> [Instructions to follow] Go through the data below and copy it exactly, skipping every picture.

> [Supplied records]
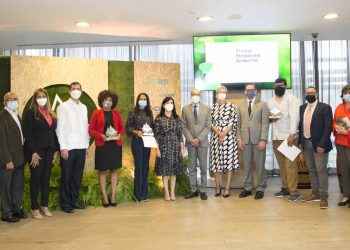 Periodistas de Diario Libre, Forbes y Nuria ganan Premio Periodismo Ambiental 2021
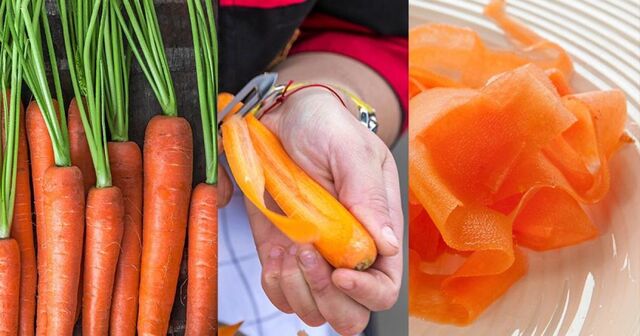Picklade morötter – superenkelt recept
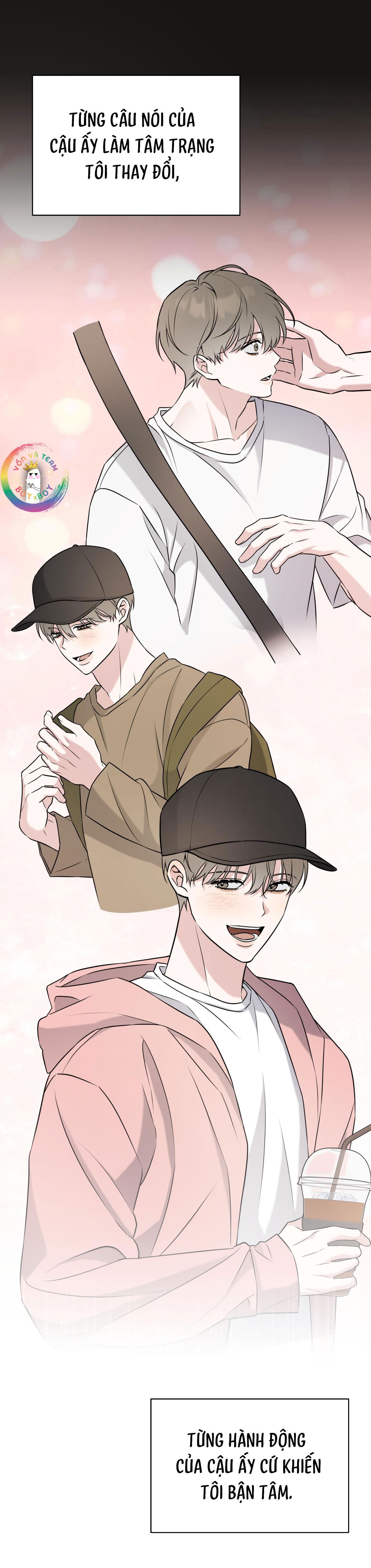 Đọc truyện Ballboy Tactics - Chapter 25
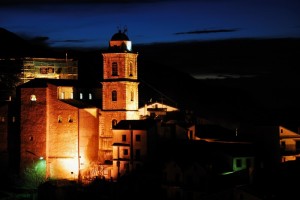 Campanile della Chiesa Madre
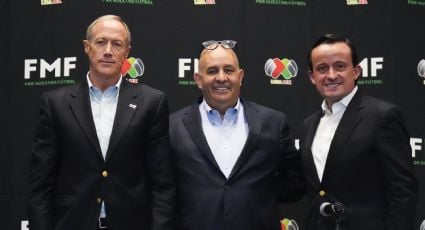 Juan Carlos ‘La Bomba’ Rodríguez renuncia como Comisionado de la Federación Mexicana de Futbol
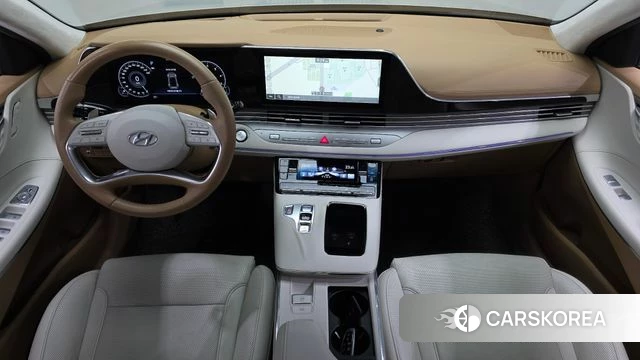 Hyundai The New Grandeur IG id 4702717 из Кореи 35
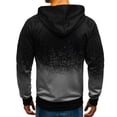 thumbnail image 3 of Drppepioner Men'S Autumn Color Matching Splicing Jacket Sweater Casual Jacket, 3 of 5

> [Response]
 Periodistas de Diario Libre, Forbes y Nuria ganan Premio Periodismo Ambiental 2021
Picklade morötter – superenkelt recept
 Đọc truyện Ballboy Tactics - Chapter 25
 Campanile della Chiesa Madre
 Juan Carlos ‘La Bomba’ Rodríguez renuncia como Comisionado de la Federación Mexicana de Futbol
 Hyundai The New Grandeur IG id 4702717 из Кореи 35
 thumbnail image 3 of Drppepioner Men'S Autumn Color Matching Splicing Jacket Sweater Casual Jacket, 3 of 5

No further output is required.